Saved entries
○ ○ ○

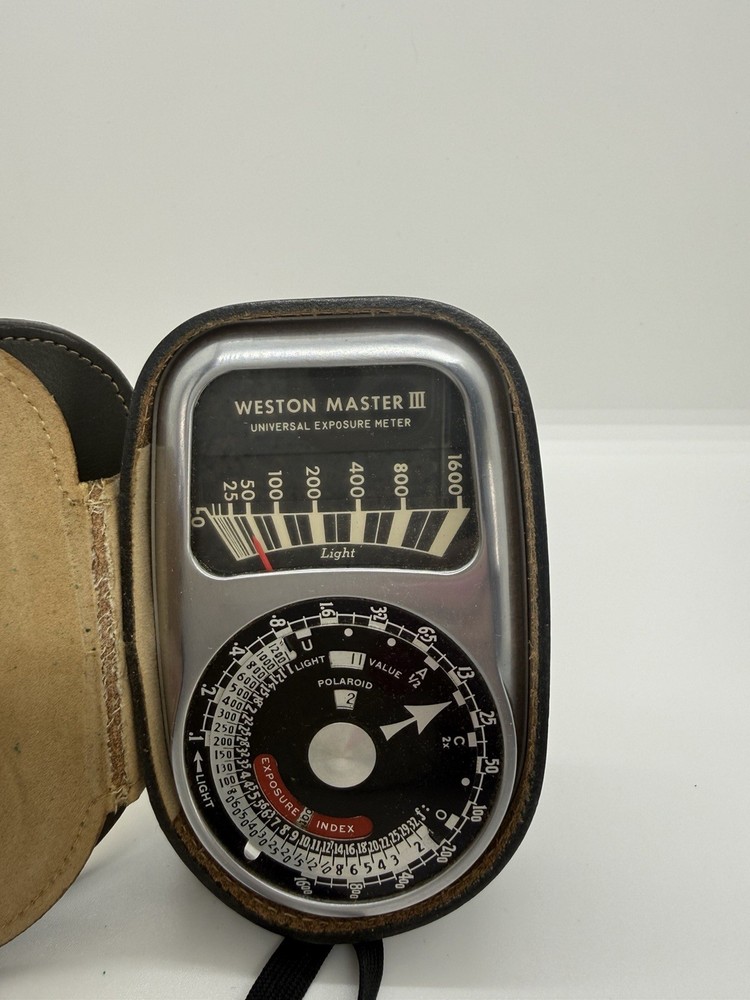 Weston Master III Exposure Meter Model 737 With Case & Instructions Tested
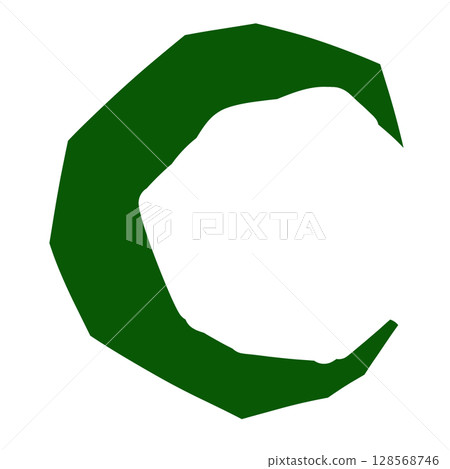 Green wobbly moon 128568746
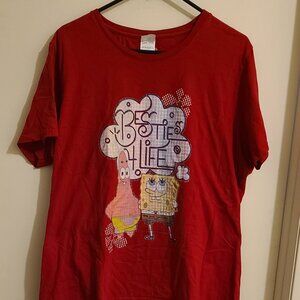 Nickelodeon Spongebob Squarepants Besties 4 Life XXL T-Shirt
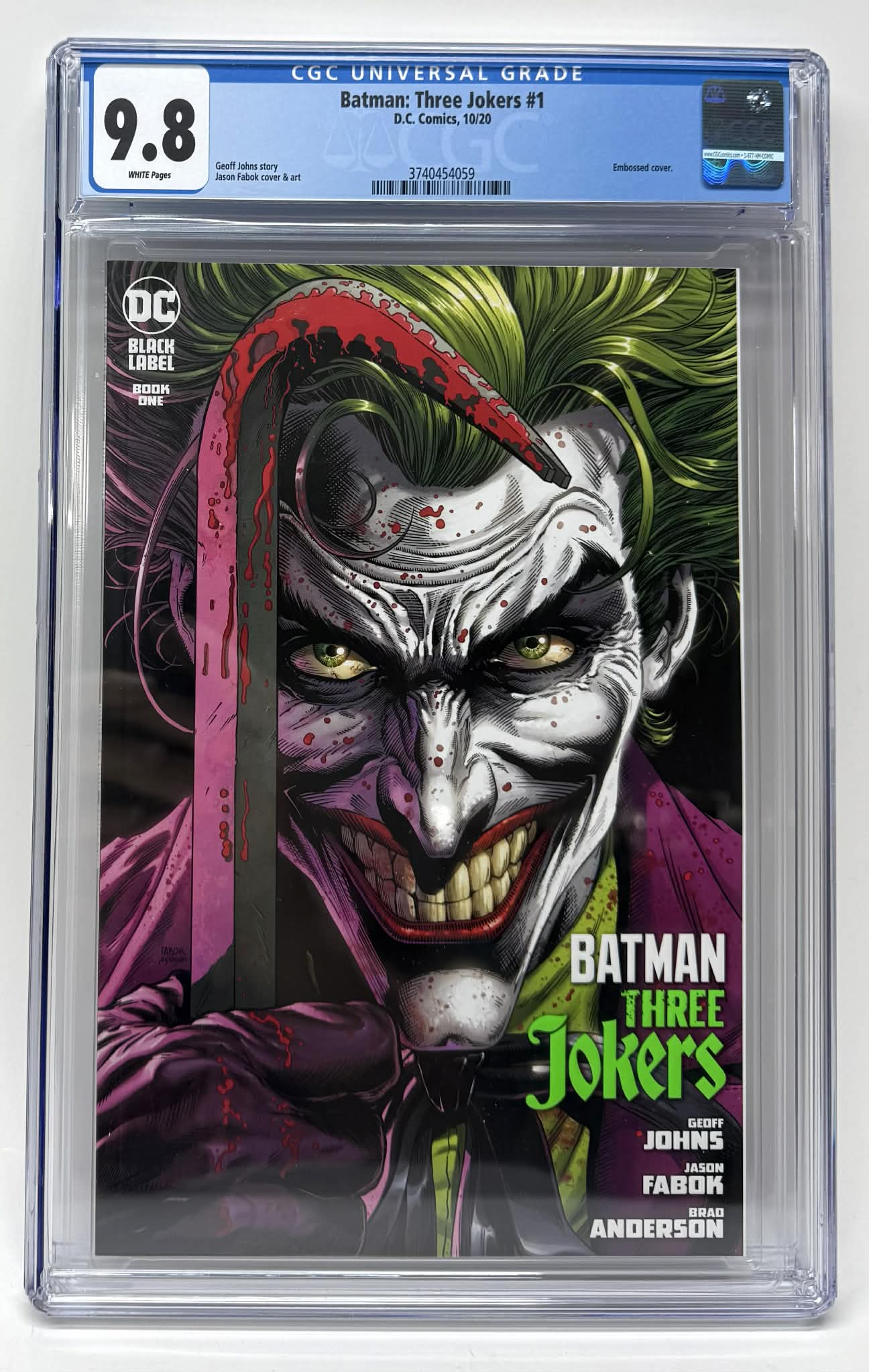 Batman : Three Jokers #1 : CGC 9.8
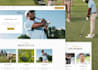 do golf course, golf club website development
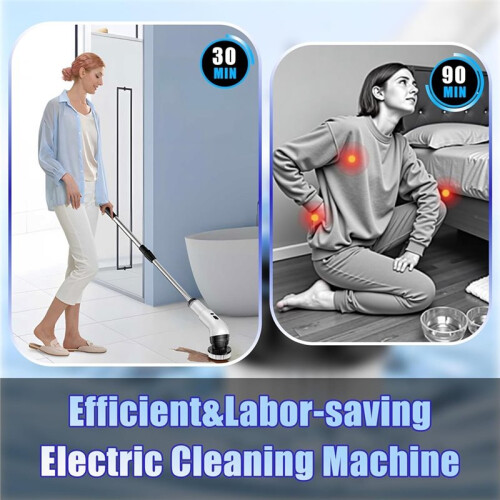 1set Electric Cleaning Brush, Multifunctional and Fully Automatic Handheld, Suitable for Use in Kitchens 1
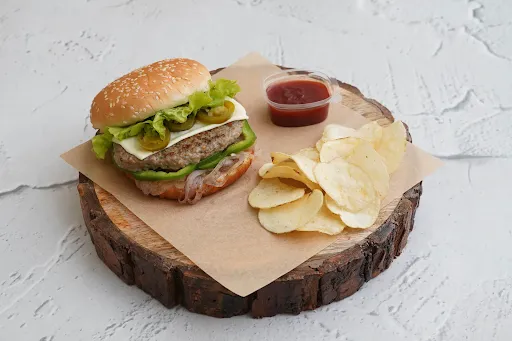 Premium Grilled Mutton Burger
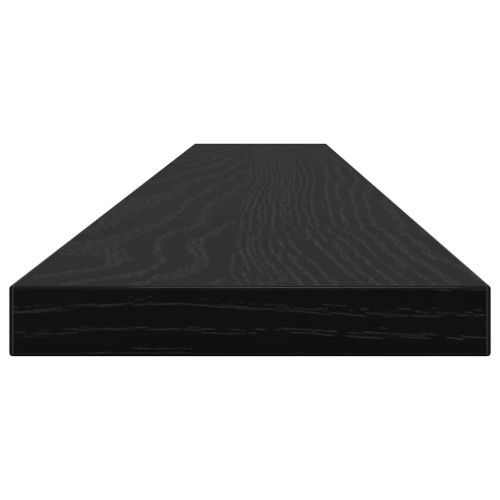 Етажерка Борд 4 pcs Черен 100 x 10 x 1,5 cm Инженерно дърво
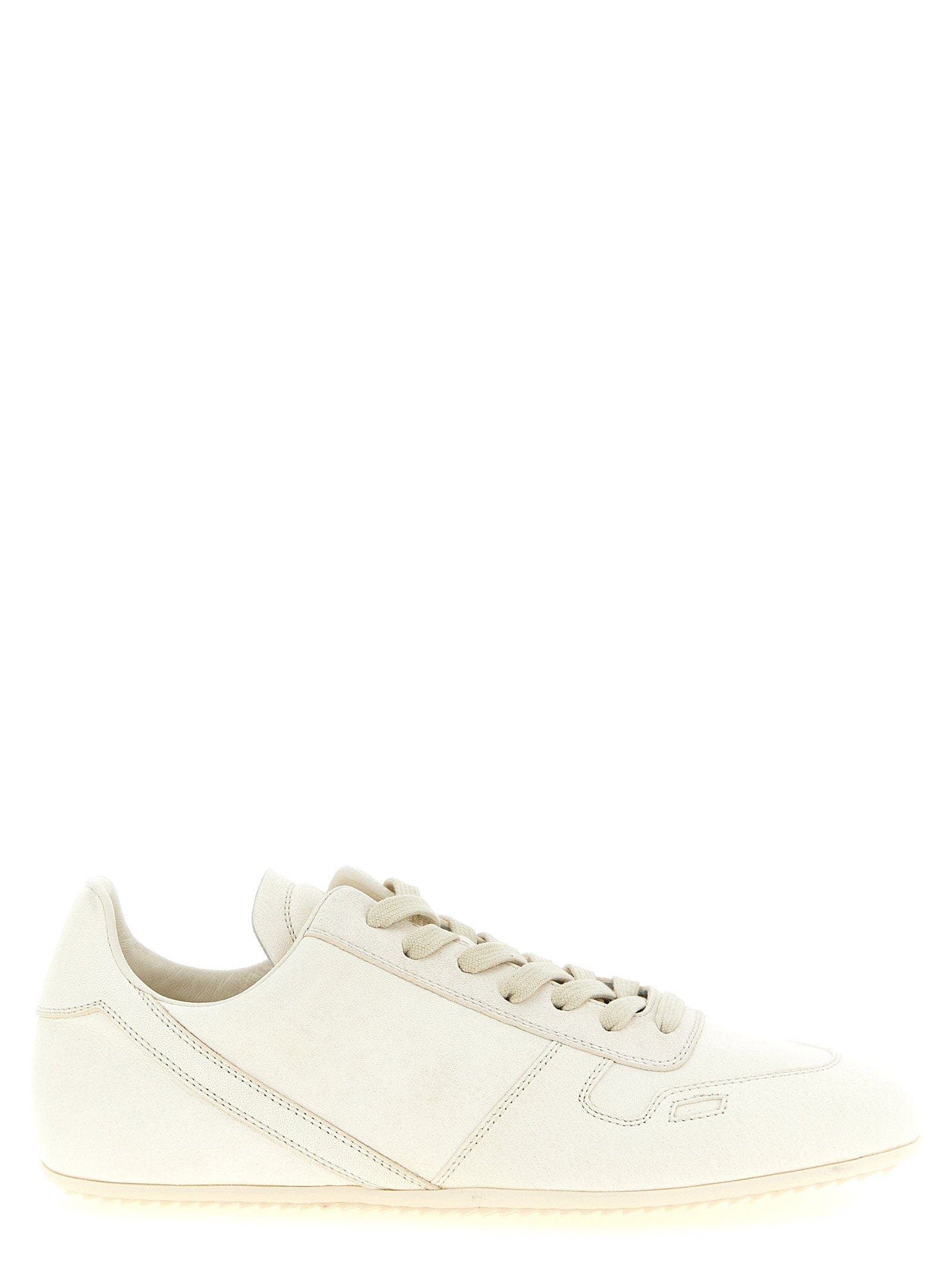 Rick Owens Minimal Sneak Sneaker — Cream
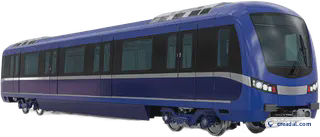 مترو أزرق حديث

○ ○ ○

The lines wanted are those from the one with "Rick Owens Minimal Sneak Sneaker — Cream" to the end of the entries above, repeated exactly, both ends included. Leave out the pictures.

 Rick Owens Minimal Sneak Sneaker — Cream
 مترو أزرق حديث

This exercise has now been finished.